Public Bidding Hall of Fame: Yohe v. Lower Burrell

This post is one in a continuing series intended to highlight significant Pennsylvania court decisions in the area of public bidding.  The decision highlighted here concerns the core purpose of public bidding requirements.

In 1965, the Pennsylvania Supreme Court decided Yohe v. Lower Burrell, 208 A.2d 847 (Pa. 1965).  In Yohe, the City of Lower Burrell had sought to award exclusive contracts for garbage collection.  Six persons, including the taxpayer plaintiff, were asked to enter into three year contracts under which each would be granted the exclusive privilege to collect garbage in a specified district and to collect fees not to exceed a monthly maximum of $1.50 from each home serviced.  No direct payments would be made from the city’s treasury.

A taxpayer sued to challenge the city’s actions, arguing the the Third Class City Code required competitive bidding.  The trial court dismissed the complaint, holding that the statutory bidding requirements applied only where a city made payments of more than $1,000 and that no such payments by the city were involved.  An appeal was taken.  The issue on appeal was whether the city could award exclusive contracts for the collection of garbage without first advertising for bids where each contract involved sums in excess of $1,000 to be paid, not from the city treasury, but directly by city residents.
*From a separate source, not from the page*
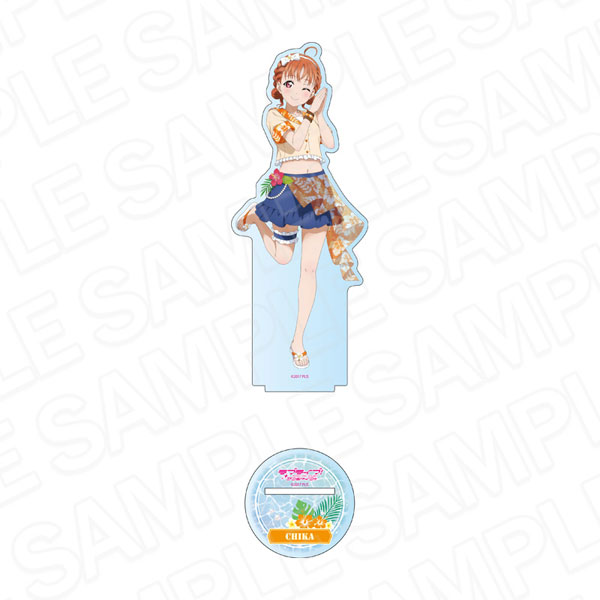 Contents Seed Love Live! Sunshine!! Deka Acrylic Stand Chika Takami Aloha Outfit ver.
The Supreme Court disagreed with the trial court and reversed, stating first as follows:

Bidding requirements ‘are for the purpose of inviting competition, to guard against favoritism, improvidence, extravagance, fraud and corruption in the awarding of municipal contracts, and to secure the best work or supplies at the lowest price practicable, and are enacted for the benefit of property holders and taxpayers, and not for the benefit or enrichment of bidders, and should be so construed and administered as to accomplish such purpose fairly and reasonably with sole reference to the public interest.’  (Footnotes omitted.)  10 McQuillan, Municipal Corporations §  29.19, at 266-67 (3d ed. 1950).
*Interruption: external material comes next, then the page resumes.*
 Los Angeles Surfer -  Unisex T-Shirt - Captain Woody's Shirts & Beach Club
The Court then found that it made no difference that the city itself was not making a direct payment to the garbage collector:

The need for bidding requirements is just as compelling in the instant case where the garbage collector is compensated directly by the recipients of his service as it is when the recipients pay for service through the conduit of the municipal treasury.  In each case, regardless of who makes the final payment, it is the taxpaying citizen who provides the necessary funds and whose interest must be protected.  The provisions of the Third Class City Code in issue here were enacted to insure that protection.  We cannot interpret those sections in a way which would substantially emasculate their protective objectives and thereby encourage the objectionable practices which the Act seeks to eliminate.  The language of the Act compels the interpretation that competitive bidding is required on these contracts even though the money comes directly from the taxpayers rather than from the city treasury.

The Yohe decision has been cited numerous times in public bidding cases, and its language regarding the purpose of public bidding has stood the test of time.  The Yohe holding is also significant for another reason – if a government entity is making a contract, it’s likely to be viewed as a public contract, one that must meet the requirements of public bidding and public contracting, even if the public treasury is unaffected.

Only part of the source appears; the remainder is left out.